*** Extracted data Section Begins ***

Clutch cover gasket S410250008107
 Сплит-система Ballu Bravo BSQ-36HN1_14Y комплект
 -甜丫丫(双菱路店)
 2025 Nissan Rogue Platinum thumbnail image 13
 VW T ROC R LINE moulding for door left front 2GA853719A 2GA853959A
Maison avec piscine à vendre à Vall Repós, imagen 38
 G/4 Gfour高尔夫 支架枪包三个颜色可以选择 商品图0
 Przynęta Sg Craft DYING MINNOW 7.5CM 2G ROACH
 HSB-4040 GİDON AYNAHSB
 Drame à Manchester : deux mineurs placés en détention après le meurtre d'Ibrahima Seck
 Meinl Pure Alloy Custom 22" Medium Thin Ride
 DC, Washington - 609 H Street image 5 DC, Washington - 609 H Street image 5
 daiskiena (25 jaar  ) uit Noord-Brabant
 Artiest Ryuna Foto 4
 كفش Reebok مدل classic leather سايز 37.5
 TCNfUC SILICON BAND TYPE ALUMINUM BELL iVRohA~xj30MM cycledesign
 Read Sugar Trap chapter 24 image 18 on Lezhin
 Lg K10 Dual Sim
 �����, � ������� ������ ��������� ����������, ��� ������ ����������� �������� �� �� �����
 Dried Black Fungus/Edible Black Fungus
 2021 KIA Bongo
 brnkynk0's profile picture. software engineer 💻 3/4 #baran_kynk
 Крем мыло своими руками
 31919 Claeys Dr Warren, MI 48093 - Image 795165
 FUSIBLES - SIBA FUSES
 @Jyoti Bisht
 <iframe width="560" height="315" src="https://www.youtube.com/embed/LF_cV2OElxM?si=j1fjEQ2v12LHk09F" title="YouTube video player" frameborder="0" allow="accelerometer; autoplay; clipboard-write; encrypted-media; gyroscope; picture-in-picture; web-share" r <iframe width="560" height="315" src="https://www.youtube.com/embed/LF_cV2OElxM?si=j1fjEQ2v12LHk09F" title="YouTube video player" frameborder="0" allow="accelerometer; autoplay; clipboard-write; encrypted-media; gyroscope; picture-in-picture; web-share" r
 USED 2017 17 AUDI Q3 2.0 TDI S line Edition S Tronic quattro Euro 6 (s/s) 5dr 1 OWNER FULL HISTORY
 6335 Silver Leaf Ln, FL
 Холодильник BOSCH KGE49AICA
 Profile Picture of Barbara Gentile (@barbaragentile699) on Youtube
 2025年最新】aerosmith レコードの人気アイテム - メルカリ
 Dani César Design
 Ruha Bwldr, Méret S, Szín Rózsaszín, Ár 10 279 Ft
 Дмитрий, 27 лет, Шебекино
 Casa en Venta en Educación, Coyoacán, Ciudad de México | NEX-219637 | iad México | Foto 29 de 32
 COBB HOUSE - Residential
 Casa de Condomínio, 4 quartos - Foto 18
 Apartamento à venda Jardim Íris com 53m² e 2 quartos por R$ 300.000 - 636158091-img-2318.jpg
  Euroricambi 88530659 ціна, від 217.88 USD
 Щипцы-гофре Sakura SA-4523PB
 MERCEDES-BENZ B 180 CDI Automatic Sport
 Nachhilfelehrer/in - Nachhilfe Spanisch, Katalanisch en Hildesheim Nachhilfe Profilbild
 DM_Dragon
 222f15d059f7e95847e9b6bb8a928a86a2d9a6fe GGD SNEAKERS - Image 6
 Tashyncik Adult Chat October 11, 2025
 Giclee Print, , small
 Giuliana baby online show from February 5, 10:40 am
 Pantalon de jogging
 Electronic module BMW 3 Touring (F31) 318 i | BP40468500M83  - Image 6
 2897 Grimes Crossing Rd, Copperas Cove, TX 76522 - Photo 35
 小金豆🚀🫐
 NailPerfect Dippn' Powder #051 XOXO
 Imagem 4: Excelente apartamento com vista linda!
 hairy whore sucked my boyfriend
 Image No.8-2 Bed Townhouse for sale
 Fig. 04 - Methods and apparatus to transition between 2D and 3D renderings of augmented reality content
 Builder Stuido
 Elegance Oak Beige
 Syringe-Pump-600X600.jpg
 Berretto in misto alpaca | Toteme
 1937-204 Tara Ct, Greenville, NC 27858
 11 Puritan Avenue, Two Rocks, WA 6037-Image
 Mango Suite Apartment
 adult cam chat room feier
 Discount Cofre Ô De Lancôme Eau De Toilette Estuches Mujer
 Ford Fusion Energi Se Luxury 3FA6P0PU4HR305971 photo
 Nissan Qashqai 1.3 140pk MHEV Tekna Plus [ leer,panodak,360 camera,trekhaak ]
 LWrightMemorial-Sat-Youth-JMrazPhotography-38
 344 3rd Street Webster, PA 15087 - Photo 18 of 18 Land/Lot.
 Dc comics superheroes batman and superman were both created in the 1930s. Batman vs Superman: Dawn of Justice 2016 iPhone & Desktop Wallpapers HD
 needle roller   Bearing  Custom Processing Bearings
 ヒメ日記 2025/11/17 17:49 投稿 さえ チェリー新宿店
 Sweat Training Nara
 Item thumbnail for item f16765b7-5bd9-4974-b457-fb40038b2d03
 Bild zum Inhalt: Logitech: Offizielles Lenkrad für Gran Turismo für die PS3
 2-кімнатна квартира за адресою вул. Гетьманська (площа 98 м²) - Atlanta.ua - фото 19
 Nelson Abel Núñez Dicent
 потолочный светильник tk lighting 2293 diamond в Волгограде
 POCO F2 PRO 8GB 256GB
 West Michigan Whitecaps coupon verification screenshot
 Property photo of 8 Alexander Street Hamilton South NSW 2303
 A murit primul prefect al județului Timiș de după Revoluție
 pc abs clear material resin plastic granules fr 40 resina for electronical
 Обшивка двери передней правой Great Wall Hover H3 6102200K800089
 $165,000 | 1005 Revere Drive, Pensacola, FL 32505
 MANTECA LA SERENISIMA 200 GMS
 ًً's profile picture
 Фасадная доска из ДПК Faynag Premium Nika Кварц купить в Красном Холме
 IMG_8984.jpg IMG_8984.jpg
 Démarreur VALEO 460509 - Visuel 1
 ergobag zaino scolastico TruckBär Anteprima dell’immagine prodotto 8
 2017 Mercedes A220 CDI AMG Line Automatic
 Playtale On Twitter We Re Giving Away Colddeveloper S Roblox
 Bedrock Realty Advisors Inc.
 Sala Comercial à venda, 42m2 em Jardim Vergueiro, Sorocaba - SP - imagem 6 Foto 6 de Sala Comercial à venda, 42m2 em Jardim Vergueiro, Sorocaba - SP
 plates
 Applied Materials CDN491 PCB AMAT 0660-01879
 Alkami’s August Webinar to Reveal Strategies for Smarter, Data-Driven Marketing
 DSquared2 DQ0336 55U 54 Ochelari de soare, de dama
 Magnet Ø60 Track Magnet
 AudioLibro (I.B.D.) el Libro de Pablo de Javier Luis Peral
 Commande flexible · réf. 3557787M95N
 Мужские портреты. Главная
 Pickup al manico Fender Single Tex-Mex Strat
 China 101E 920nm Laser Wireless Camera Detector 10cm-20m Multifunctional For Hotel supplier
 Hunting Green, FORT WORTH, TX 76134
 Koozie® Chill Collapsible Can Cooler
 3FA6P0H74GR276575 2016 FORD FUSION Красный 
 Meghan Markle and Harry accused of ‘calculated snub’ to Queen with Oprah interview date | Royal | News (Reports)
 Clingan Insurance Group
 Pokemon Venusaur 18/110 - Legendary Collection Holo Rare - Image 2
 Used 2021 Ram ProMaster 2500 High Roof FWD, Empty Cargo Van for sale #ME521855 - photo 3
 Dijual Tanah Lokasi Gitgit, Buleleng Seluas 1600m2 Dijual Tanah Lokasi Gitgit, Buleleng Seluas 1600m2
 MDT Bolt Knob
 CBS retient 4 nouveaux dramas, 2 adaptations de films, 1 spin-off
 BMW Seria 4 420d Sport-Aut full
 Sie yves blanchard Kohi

*** Extracted data Section Ends ***

What you hand back must match the records above exactly.

Clutch cover gasket S410250008107
 Сплит-система Ballu Bravo BSQ-36HN1_14Y комплект
 -甜丫丫(双菱路店)
 2025 Nissan Rogue Platinum thumbnail image 13
 VW T ROC R LINE moulding for door left front 2GA853719A 2GA853959A
Maison avec piscine à vendre à Vall Repós, imagen 38
 G/4 Gfour高尔夫 支架枪包三个颜色可以选择 商品图0
 Przynęta Sg Craft DYING MINNOW 7.5CM 2G ROACH
 HSB-4040 GİDON AYNAHSB
 Drame à Manchester : deux mineurs placés en détention après le meurtre d'Ibrahima Seck
 Meinl Pure Alloy Custom 22" Medium Thin Ride
 DC, Washington - 609 H Street image 5 DC, Washington - 609 H Street image 5
 daiskiena (25 jaar  ) uit Noord-Brabant
 Artiest Ryuna Foto 4
 كفش Reebok مدل classic leather سايز 37.5
 TCNfUC SILICON BAND TYPE ALUMINUM BELL iVRohA~xj30MM cycledesign
 Read Sugar Trap chapter 24 image 18 on Lezhin
 Lg K10 Dual Sim
 �����, � ������� ������ ��������� ����������, ��� ������ ����������� �������� �� �� �����
 Dried Black Fungus/Edible Black Fungus
 2021 KIA Bongo
 brnkynk0's profile picture. software engineer 💻 3/4 #baran_kynk
 Крем мыло своими руками
 31919 Claeys Dr Warren, MI 48093 - Image 795165
 FUSIBLES - SIBA FUSES
 @Jyoti Bisht
 <iframe width="560" height="315" src="https://www.youtube.com/embed/LF_cV2OElxM?si=j1fjEQ2v12LHk09F" title="YouTube video player" frameborder="0" allow="accelerometer; autoplay; clipboard-write; encrypted-media; gyroscope; picture-in-picture; web-share" r <iframe width="560" height="315" src="https://www.youtube.com/embed/LF_cV2OElxM?si=j1fjEQ2v12LHk09F" title="YouTube video player" frameborder="0" allow="accelerometer; autoplay; clipboard-write; encrypted-media; gyroscope; picture-in-picture; web-share" r
 USED 2017 17 AUDI Q3 2.0 TDI S line Edition S Tronic quattro Euro 6 (s/s) 5dr 1 OWNER FULL HISTORY
 6335 Silver Leaf Ln, FL
 Холодильник BOSCH KGE49AICA
 Profile Picture of Barbara Gentile (@barbaragentile699) on Youtube
 2025年最新】aerosmith レコードの人気アイテム - メルカリ
 Dani César Design
 Ruha Bwldr, Méret S, Szín Rózsaszín, Ár 10 279 Ft
 Дмитрий, 27 лет, Шебекино
 Casa en Venta en Educación, Coyoacán, Ciudad de México | NEX-219637 | iad México | Foto 29 de 32
 COBB HOUSE - Residential
 Casa de Condomínio, 4 quartos - Foto 18
 Apartamento à venda Jardim Íris com 53m² e 2 quartos por R$ 300.000 - 636158091-img-2318.jpg
  Euroricambi 88530659 ціна, від 217.88 USD
 Щипцы-гофре Sakura SA-4523PB
 MERCEDES-BENZ B 180 CDI Automatic Sport
 Nachhilfelehrer/in - Nachhilfe Spanisch, Katalanisch en Hildesheim Nachhilfe Profilbild
 DM_Dragon
 222f15d059f7e95847e9b6bb8a928a86a2d9a6fe GGD SNEAKERS - Image 6
 Tashyncik Adult Chat October 11, 2025
 Giclee Print, , small
 Giuliana baby online show from February 5, 10:40 am
 Pantalon de jogging
 Electronic module BMW 3 Touring (F31) 318 i | BP40468500M83  - Image 6
 2897 Grimes Crossing Rd, Copperas Cove, TX 76522 - Photo 35
 小金豆🚀🫐
 NailPerfect Dippn' Powder #051 XOXO
 Imagem 4: Excelente apartamento com vista linda!
 hairy whore sucked my boyfriend
 Image No.8-2 Bed Townhouse for sale
 Fig. 04 - Methods and apparatus to transition between 2D and 3D renderings of augmented reality content
 Builder Stuido
 Elegance Oak Beige
 Syringe-Pump-600X600.jpg
 Berretto in misto alpaca | Toteme
 1937-204 Tara Ct, Greenville, NC 27858
 11 Puritan Avenue, Two Rocks, WA 6037-Image
 Mango Suite Apartment
 adult cam chat room feier
 Discount Cofre Ô De Lancôme Eau De Toilette Estuches Mujer
 Ford Fusion Energi Se Luxury 3FA6P0PU4HR305971 photo
 Nissan Qashqai 1.3 140pk MHEV Tekna Plus [ leer,panodak,360 camera,trekhaak ]
 LWrightMemorial-Sat-Youth-JMrazPhotography-38
 344 3rd Street Webster, PA 15087 - Photo 18 of 18 Land/Lot.
 Dc comics superheroes batman and superman were both created in the 1930s. Batman vs Superman: Dawn of Justice 2016 iPhone & Desktop Wallpapers HD
 needle roller   Bearing  Custom Processing Bearings
 ヒメ日記 2025/11/17 17:49 投稿 さえ チェリー新宿店
 Sweat Training Nara
 Item thumbnail for item f16765b7-5bd9-4974-b457-fb40038b2d03
 Bild zum Inhalt: Logitech: Offizielles Lenkrad für Gran Turismo für die PS3
 2-кімнатна квартира за адресою вул. Гетьманська (площа 98 м²) - Atlanta.ua - фото 19
 Nelson Abel Núñez Dicent
 потолочный светильник tk lighting 2293 diamond в Волгограде
 POCO F2 PRO 8GB 256GB
 West Michigan Whitecaps coupon verification screenshot
 Property photo of 8 Alexander Street Hamilton South NSW 2303
 A murit primul prefect al județului Timiș de după Revoluție
 pc abs clear material resin plastic granules fr 40 resina for electronical
 Обшивка двери передней правой Great Wall Hover H3 6102200K800089
 $165,000 | 1005 Revere Drive, Pensacola, FL 32505
 MANTECA LA SERENISIMA 200 GMS
 ًً's profile picture
 Фасадная доска из ДПК Faynag Premium Nika Кварц купить в Красном Холме
 IMG_8984.jpg IMG_8984.jpg
 Démarreur VALEO 460509 - Visuel 1
 ergobag zaino scolastico TruckBär Anteprima dell’immagine prodotto 8
 2017 Mercedes A220 CDI AMG Line Automatic
 Playtale On Twitter We Re Giving Away Colddeveloper S Roblox
 Bedrock Realty Advisors Inc.
 Sala Comercial à venda, 42m2 em Jardim Vergueiro, Sorocaba - SP - imagem 6 Foto 6 de Sala Comercial à venda, 42m2 em Jardim Vergueiro, Sorocaba - SP
 plates
 Applied Materials CDN491 PCB AMAT 0660-01879
 Alkami’s August Webinar to Reveal Strategies for Smarter, Data-Driven Marketing
 DSquared2 DQ0336 55U 54 Ochelari de soare, de dama
 Magnet Ø60 Track Magnet
 AudioLibro (I.B.D.) el Libro de Pablo de Javier Luis Peral
 Commande flexible · réf. 3557787M95N
 Мужские портреты. Главная
 Pickup al manico Fender Single Tex-Mex Strat
 China 101E 920nm Laser Wireless Camera Detector 10cm-20m Multifunctional For Hotel supplier
 Hunting Green, FORT WORTH, TX 76134
 Koozie® Chill Collapsible Can Cooler
 3FA6P0H74GR276575 2016 FORD FUSION Красный 
 Meghan Markle and Harry accused of ‘calculated snub’ to Queen with Oprah interview date | Royal | News (Reports)
 Clingan Insurance Group
 Pokemon Venusaur 18/110 - Legendary Collection Holo Rare - Image 2
 Used 2021 Ram ProMaster 2500 High Roof FWD, Empty Cargo Van for sale #ME521855 - photo 3
 Dijual Tanah Lokasi Gitgit, Buleleng Seluas 1600m2 Dijual Tanah Lokasi Gitgit, Buleleng Seluas 1600m2
 MDT Bolt Knob
 CBS retient 4 nouveaux dramas, 2 adaptations de films, 1 spin-off
 BMW Seria 4 420d Sport-Aut full
 Sie yves blanchard Kohi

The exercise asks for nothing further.